Gobernar desde el sexto piso
Claudia Sheinbaum y Xóchitl Gálvez no sólo estarán compitiendo por ser la primera mujer en llegar a la Presidencia, sino por ser apenas la octava persona sexagenaria en asumir el cargo –en dos siglos de vida republicana– y la primera en suceder a alguien del mismo grupo de edad.
Hasta ahora los únicos presidentes que tenían más de 60 años en el momento de tomar posesión han sido Valentín Gómez Farías (65), Juan N. Álvarez (65), Mariano Salas (61), José Ignacio Pavón (69), Victoriano Huerta (69), Adolfo Ruiz Cortines (62) y Andrés Manuel López Obrador (65).
De lograr lo mismo, Sheinbaum tendrá 62 años, cinco meses y siete días; y Gálvez, 61 años nueve meses y nueve días.
Adolfo López Mateos, sucesor de Ruiz Cortines, tenía 49 años cuando se ciñó la banda presidencial; Gustavo Díaz Ordaz, 53; Luis Echeverría, 48; José López Portillo, 56; Miguel de la Madrid, 47; Carlos Salinas de Gortari, 40; Ernesto Zedillo, 42; Vicente Fox, 58; Felipe Calderón, 44; Enrique Peña Nieto, 52.

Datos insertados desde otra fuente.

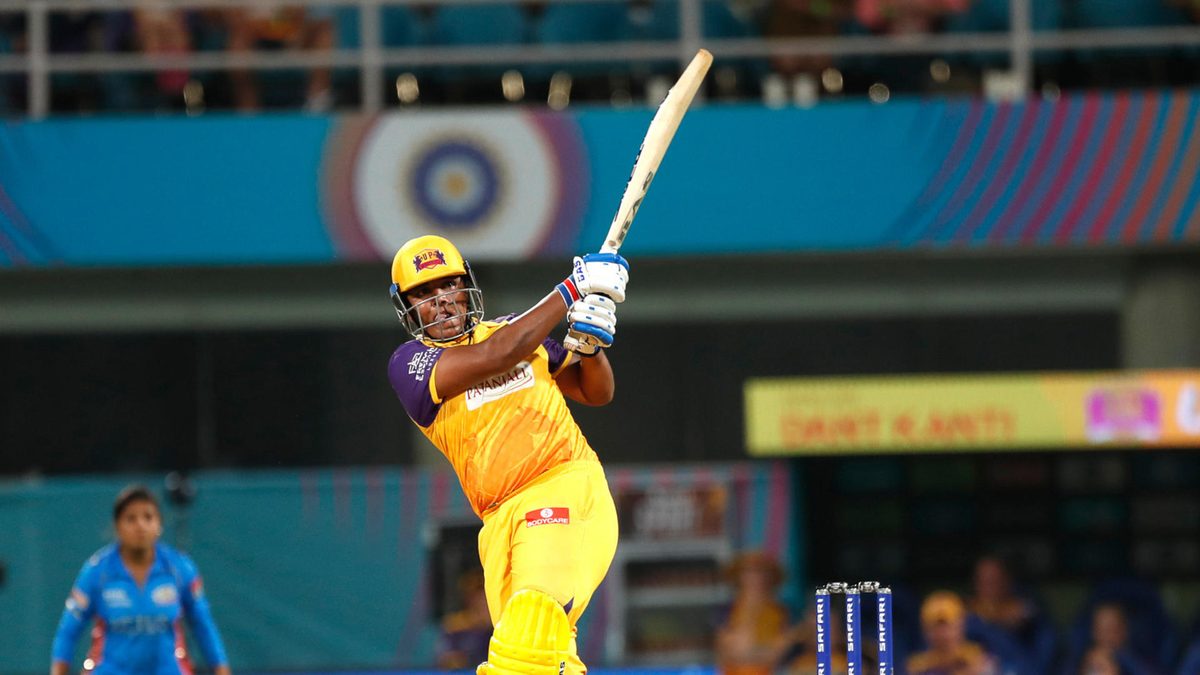  Kiran Navgire of UP Warriorz plays a shot during the Women's Premier League eliminator match between the Mumbai Indians and the UP Warriors at Dr. DY Patil Sports Academy on March 24, 2023 in Navi Mumbai, India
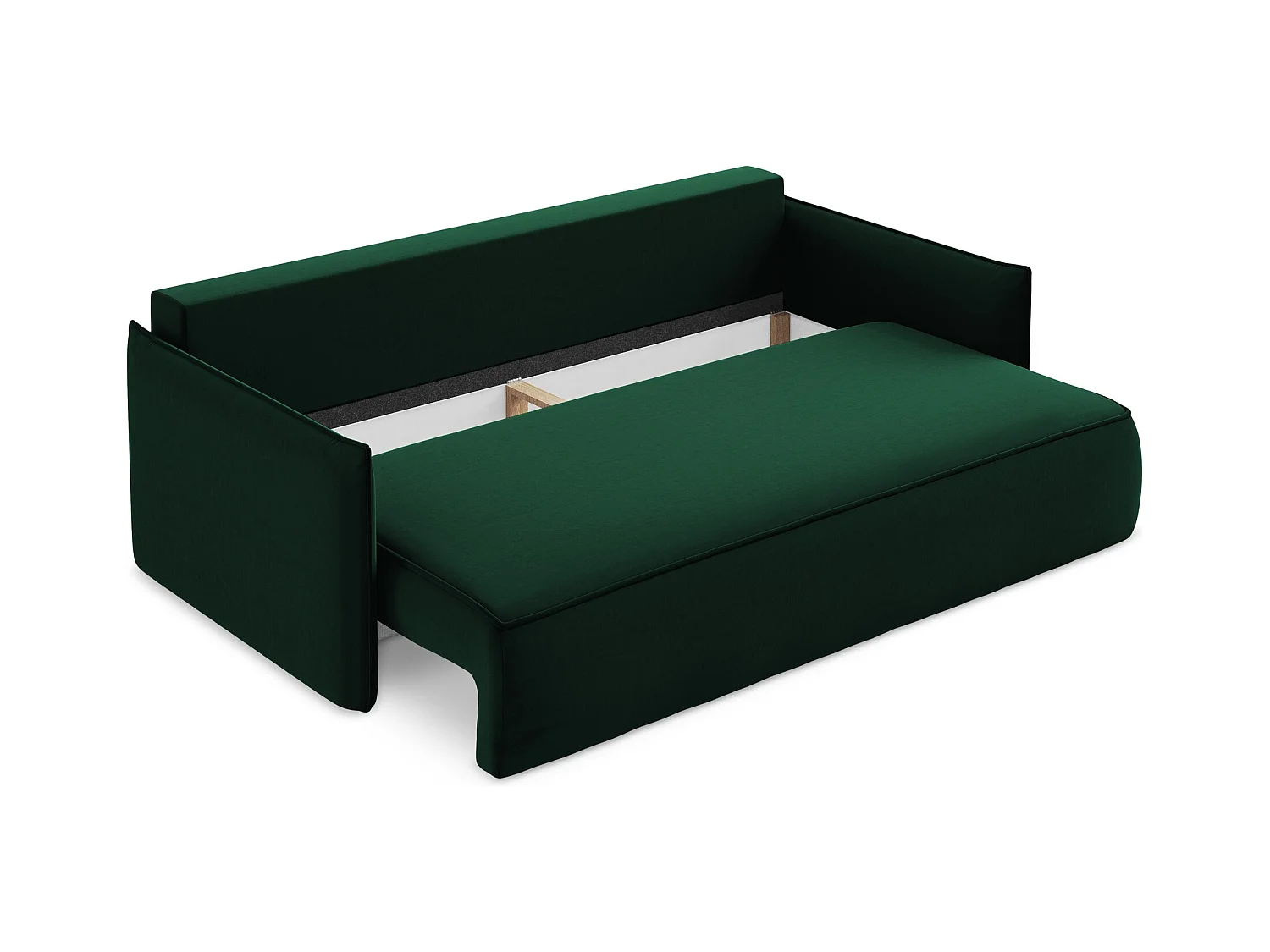 3-Sitzer Sofa mit Schlaffunktion - - Samt - Flaschengrün - HULA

La edad no es necesariamente una condicionante del desempeño, pero dice mucho que las dos principales candidatas para suceder a López Obrador tengan más de 60 años en un país cuya edad promedio es de 29 y cuya esperanza de vida es de 74.
Uno tiene que preguntarse por qué no hay una mayor participación de los jóvenes en la política y qué tienen que ofrecer los políticos de 60 y más a ciudadanos que tienen la tercera parte de su edad. Claro, comparadas con sus pares estadunidenses –los virtuales candidatos de los partidos Demócrata y Republicano–, Sheinbaum y Gálvez son unas jovencitas. Pero eso no quita la duda: ¿por qué no hay una mayor cantidad de jóvenes involucrados en la alta política?
Se podrá decir que ahí está Samuel García, gobernador de Nuevo León –quien pudiera ser el aspirante de Movimiento Ciudadano a la Presidencia en 2024–, pero él es, en todo caso, una excepción de la participación política de los jóvenes, y aún falta por ver si consigue la postulación.
El pasado fin de semana, el periodista argentino Martín Caparrós escribió en la revista El País Semanal que “nuestros representantes se convirtieron en una raza –una ‘casta’– odiosa y odiada” y que “la política se ha convertido en un coche-escoba de mediocres”, pues “casi ningún joven despierto piensa, cuando piensa en su vida, que quiere ser político, porque serlo es ser uno de esos seres oscuros que nos manipulan desde salones y sillones”.
La actual participación política de la mayoría, agrega Caparrós, “consiste en votar por alguien sin grandes averiguaciones y después sentirse decepcionado porque ese señor hizo lo que cualquiera podía saber que haría y entonces dedicarse a odiarlo como si fuera el clásico marciano recién bajado de su dron descapotable”.
La política, abunda, se ha vuelto “un ejercicio que queda para los más perversos o los que no se ven capaces de medrar con otra cosa: premio consuelo para los desconsolados”.
No sé si todo lo que afirma Caparrós sea del todo aplicable a nuestro país, aunque mucho tiene de cierto. Yo soy parte de una generación que en la juventud todavía creía en los cambios que podían lograrse desde la política y a partir de tener ideas sobre cómo podría ser mejor el mundo.
Hace 40 años, los partidos políticos tenían un sector juvenil que daba de qué hablar. Algunos de los dirigentes a los que me tocó conocer entonces llegaron a ocupar importantes cargos a partir de esa experiencia. Uno de ellos, incluso, fue Presidente de la República. Hoy en día no sé quiénes son esos dirigentes juveniles. Es más, no sé si siquiera existen esas juventudes partidistas, aunque, en todo caso, no importan ni interesan. Más aún, no sé qué motivaría a alguien, ya no digamos un joven, a afiliarse a un partido político.
Tal vez sí sea como dice Caparrós: que la política no sólo no emociona a los jóvenes, sino que ellos la desprecian. Que saben que, llegue quien llegue al poder, terminará decepcionándolos. Peor aún: que no esperan otra cosa.